Some questioned commands, “But it’s a nursing home just some old folks- most of them probably with dementia or Alzheimer’s.”

 

Others complied, “Shoot to kill them as they cross the borders.  Okay.  What about the folks in the cars?  Missiles…okay.”

 

And the debate of ethics raged on, “The school?  Really?  What if some kids are hiding in there?”

 

The orders were taken, “Knock on the doors first.

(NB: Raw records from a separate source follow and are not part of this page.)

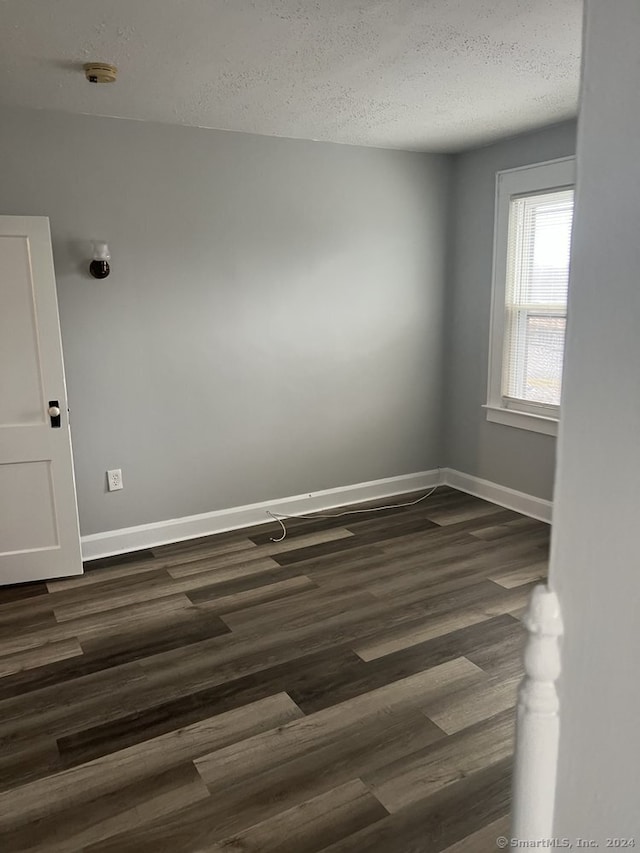 empty room with a textured ceiling and dark wood-type flooring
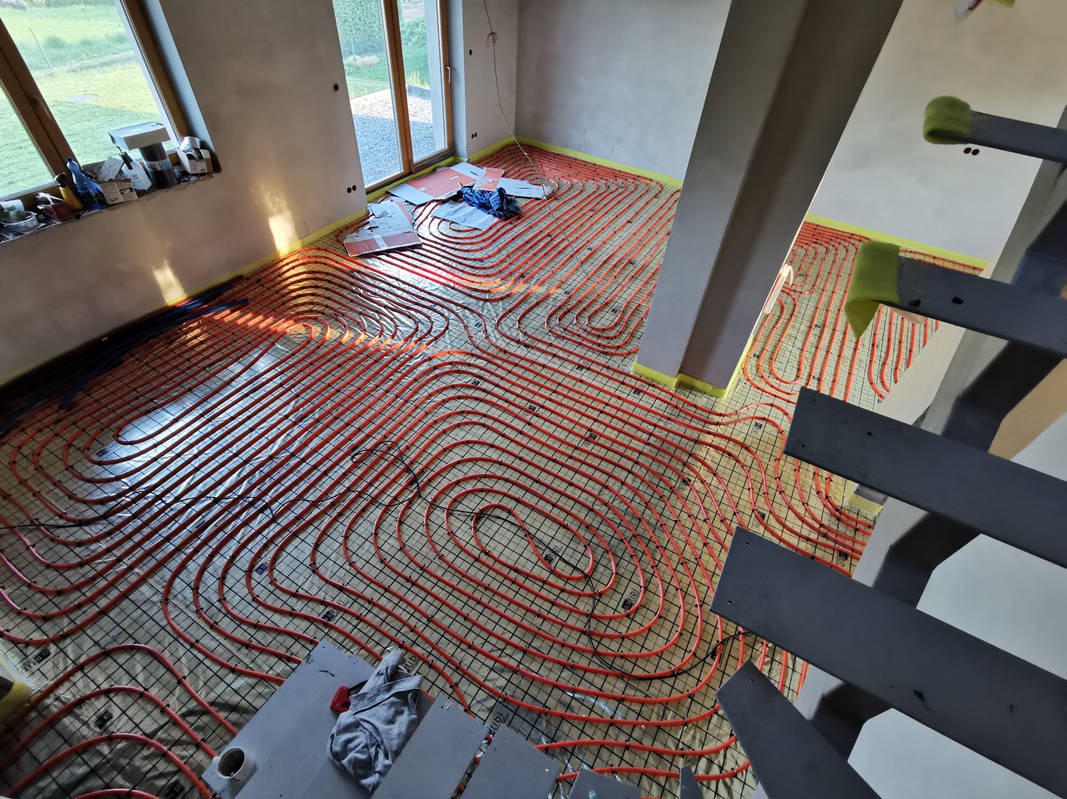Instalacja ogrzewania podłogowego: czerwone rury ułożone na siatce w jasnym pomieszczeniu z dużymi oknami, widok z góry na etap prac przed wylaniem posadzki.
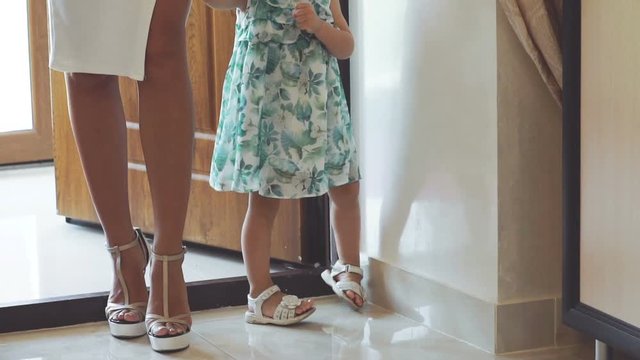 Pretty woman with little girl stand in door, go and smiling. Slowly
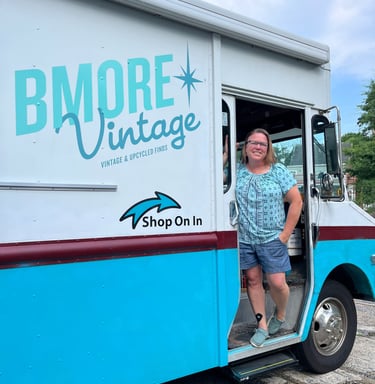 Shop owner standing in the door of a blue and white truck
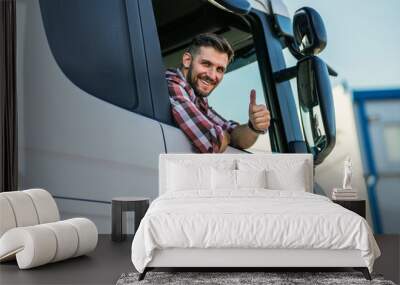 Truck driver sitting in his truck showing thumbs up. Trucker occupation. transportation services. Wall mural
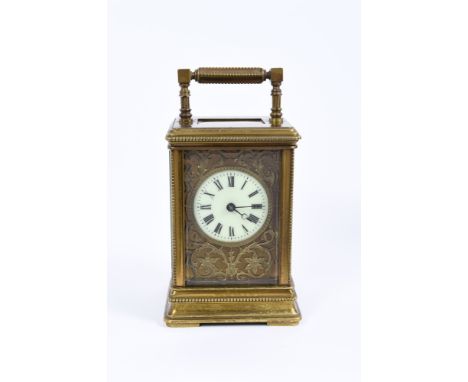 Late 19th century French carriage clock with circular enamel dial on gilt blind fretwork floral scroll ground, the gilt brass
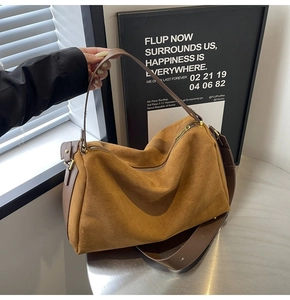 Detailed macro view of the brown suede surface and golden zipper hardware on the bag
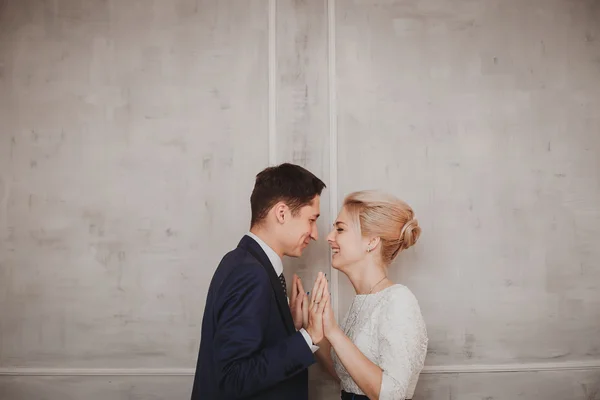 Bruden och brudgummen på väggen bakgrund — Stockfoto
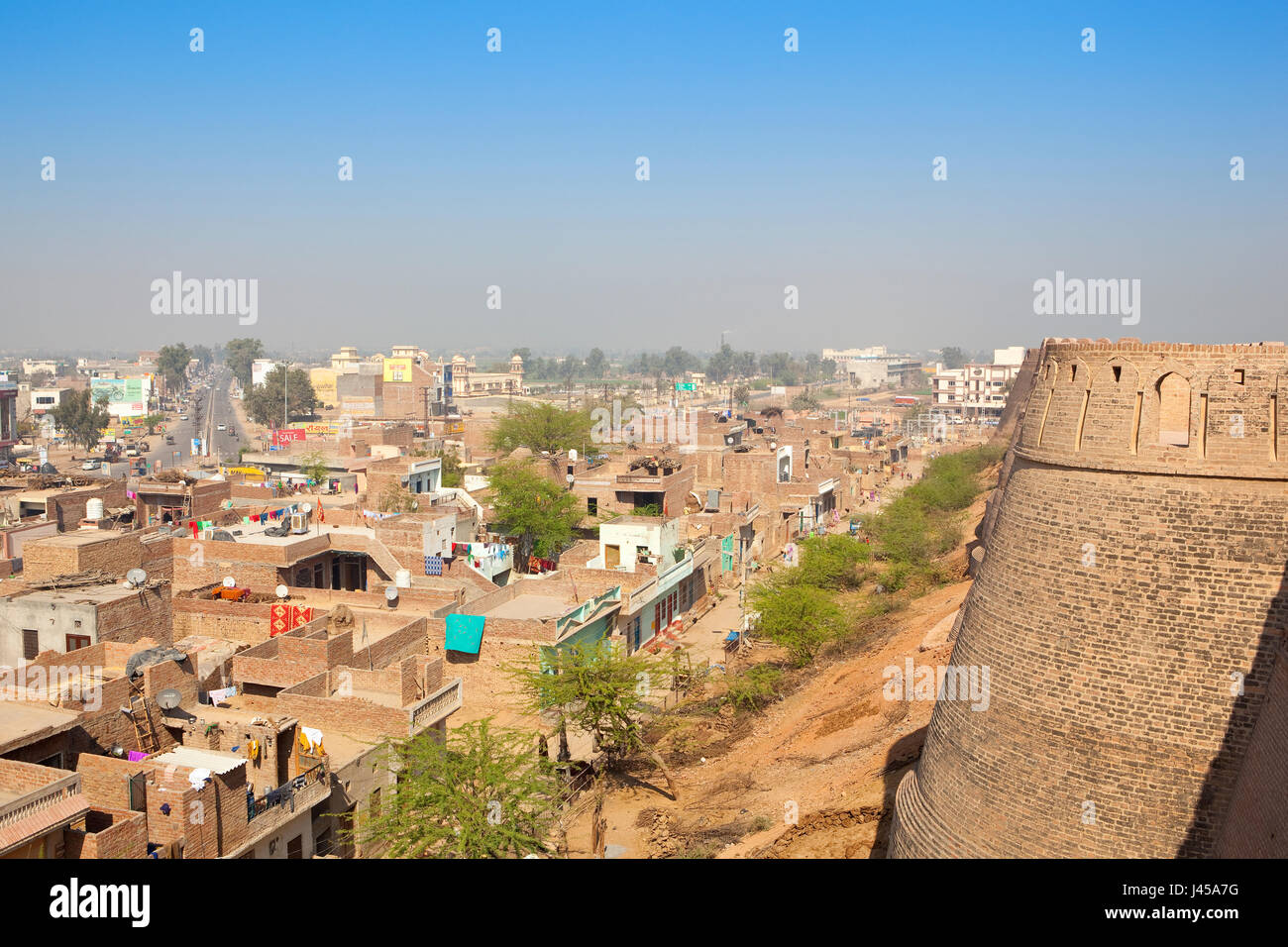 a view of hanumangarh city from the top of bhatner fort undergoing restoration work in rajasthan india under a blue sky in springtime Stock Photo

Friendly help?  Got it.  Then just kill?  Got it.”

 

“Don’t look them in the eyes,” this was the warning one soldier received.

 

When he asked why, the answer was simple.

 

“War is brutal.  You want to come out of this on the other side.  The good side.  If you look at them you might not.  You might not be able to live with yourself.  Could you live with yourself?”

 

“No.”

 

The plans were getting thicker.

 

Funny thing about small towns like Cotter, they’re resilient and so are their residents.  Despite, the current economy, the lack of jobs, the lack of community even, small towns have a chance because the residents know them better than anyone else.  They know the hiding places, the secret places, the back roads, the way in and the way out.

 

Many great escapes were made underground in the sewage tunnels.  The few made it out to nearby towns only to relocate in states far away.  Years passed before the mysterious disappearance and deaths of these individuals started to occur.  Truth is if you were a Cotter residence during the summer of Project Lazarus, you died no matter if you escaped.  You lived if you escaped only to die later.  It was a vicious and necessary cycle.

 

Many swam across the same lake Natalie Winston took into Cotter, only to find the water poisoned.  The culmination of human bodies floated for a while and sunk.  Only the beautiful pristine colorful dead fish that used to play in some of the United States clearest waters gave the poison away when they piled on top of the waters in mounds.

 

Of course, towns nearby Cotter heard of the demolition but the media has a funny way of spinning things.  And while in the beginning people always questioned the unusual, they ended up believing the lies in the end.

 

The noises, the sound of a war in Cotter were explained first as demolition crews and the entertainment industry, movie makers moving into the area to do films, were responsible for the more deafening noises.

 

When the original explanation didn’t convince anyone, they moved to the real lie- a meteor had hit the town and killed the people in it.  The large crater at the center was evidence of the lie.  This spin was better.  It made more sense.

 

As a child growing up in Arkansas, Charlie Dempster would participate in such a cover up as a bystander.  There was a night when the sky lit up with stars that seemed to drift in formation, unexplained lights in the sky just overhead.  Charlie was a teen in middle school and everyone in Science class buzzed about the strange lights in the sky.

 

Damage control was in full gear.  The local newspaper and television media accounted the event as a Russian weather balloon that exploded into light particles as it re-entered the earth’s atmosphere.  Everyone knew different.  After all, when you witness the sight of an unexplained object, you know it.  But as time passed, the small town accepted the explanation and people went on with their lives.

 

It was the event or lie that changed Charlie’s life forever.  It made him pursue science.

 

Now, he would be part of the biggest cover up in the world.